# Lesson 20

Quadratics and Irrationals

- Let’s explore irrational numbers.

### 20.1: Where is $\sqrt{21}$?

Which number line accurately plots the value of \(\sqrt{21}\)? Explain your reasoning.

### 20.2: Some Rational Properties

Rational numbers are fractions and their opposites.

- All of these numbers are rational numbers. Show that they are rational by writing them in the form \(\frac{a}{b}\) or \(\text{-}\frac{a}{b}\) for integers \(a\) and \(b\).
- 6.28
- \(\text{-}\sqrt{81}\)
- \(\sqrt{\frac{4}{121}}\)
- -7.1234
- \(0.\overline{3}\)
- \(\frac{1.1}{13}\)

- All rational numbers have decimal representations, too.
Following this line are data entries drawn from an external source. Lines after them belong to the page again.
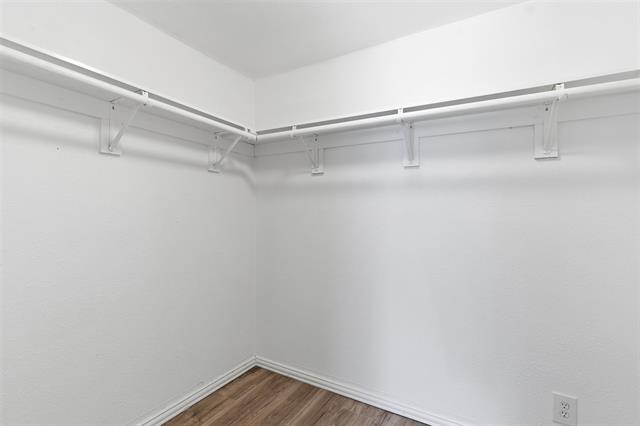 Building Photo - 405 N Carr Ave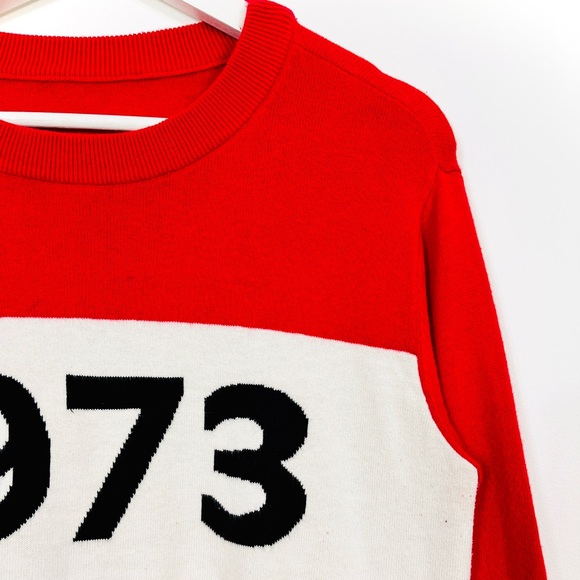 Roots Red Graphic Crewneck Sweater - Picture 4 of 6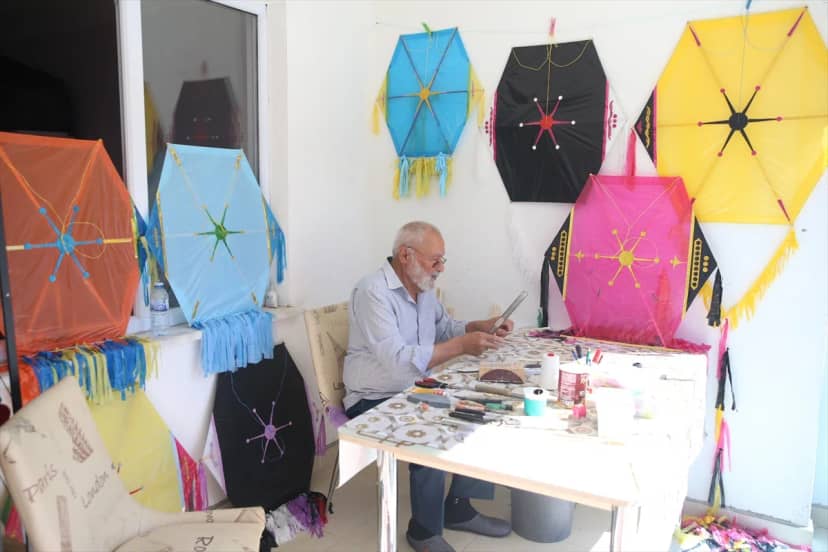 Kastamonu'da Mehmet Mor, balkonunda 4 yıldır uçurtma yapıp çocukları sevindiriyor
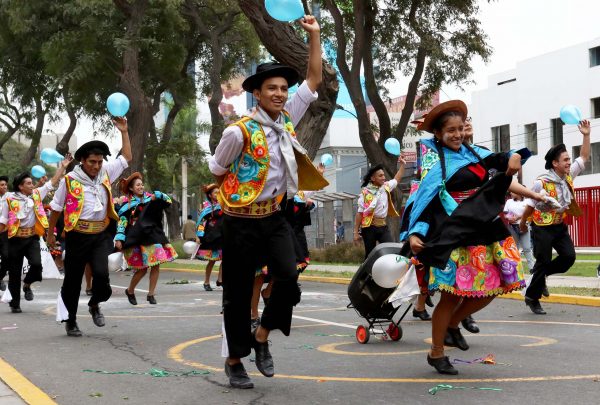 Municipalidad de Lima y Escuela de Folklore JMA realizan “Pasacalle Arguediano“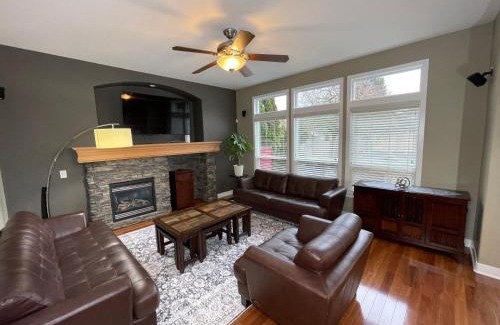 South Newton Villa | Metropolitan Dream Stay with Cozy Fireplace and Hot Tub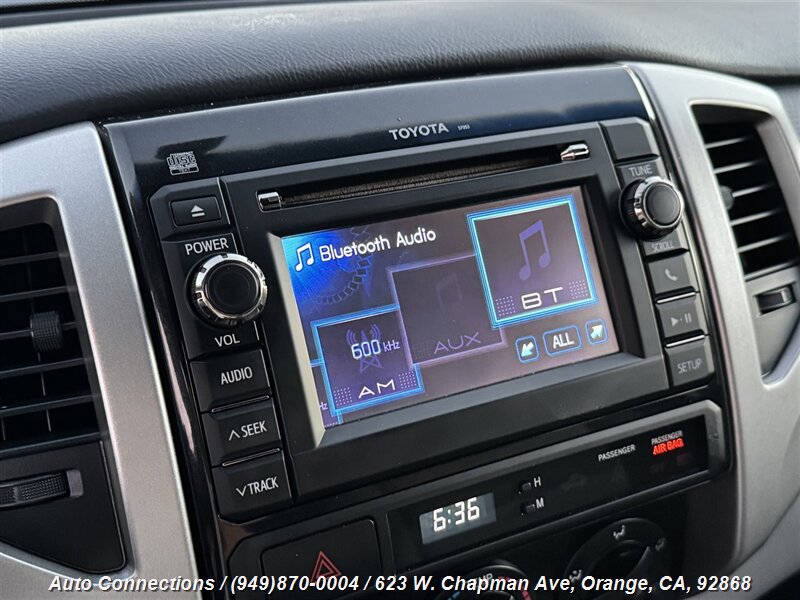 2013 Toyota Tacoma PreRunner V6 photo 15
Find the decimal representation of each of these rational numbers.
- \(\frac{47}{1,000}\)
- \(\text{-}\frac{12}{5}\)
- \(\frac{\sqrt{9}}{6}\)
- \(\frac{53}{9}\)
- \(\frac{1}{7}\)

- What do you notice about the decimal representations of rational numbers?

### 20.3: Approximating Irrational Values

Although \(\sqrt{2}\) is irrational, we can approximate its value by considering values near it.

- How can we know that \(\sqrt{2}\) is between 1 and 2?
- How can we know that \(\sqrt{2}\) is between 1.4 and 1.5?
- Approximate the next decimal place for \(\sqrt{2}\).
- Use a similar process to approximate the \(\sqrt{5}\) to the thousandths place.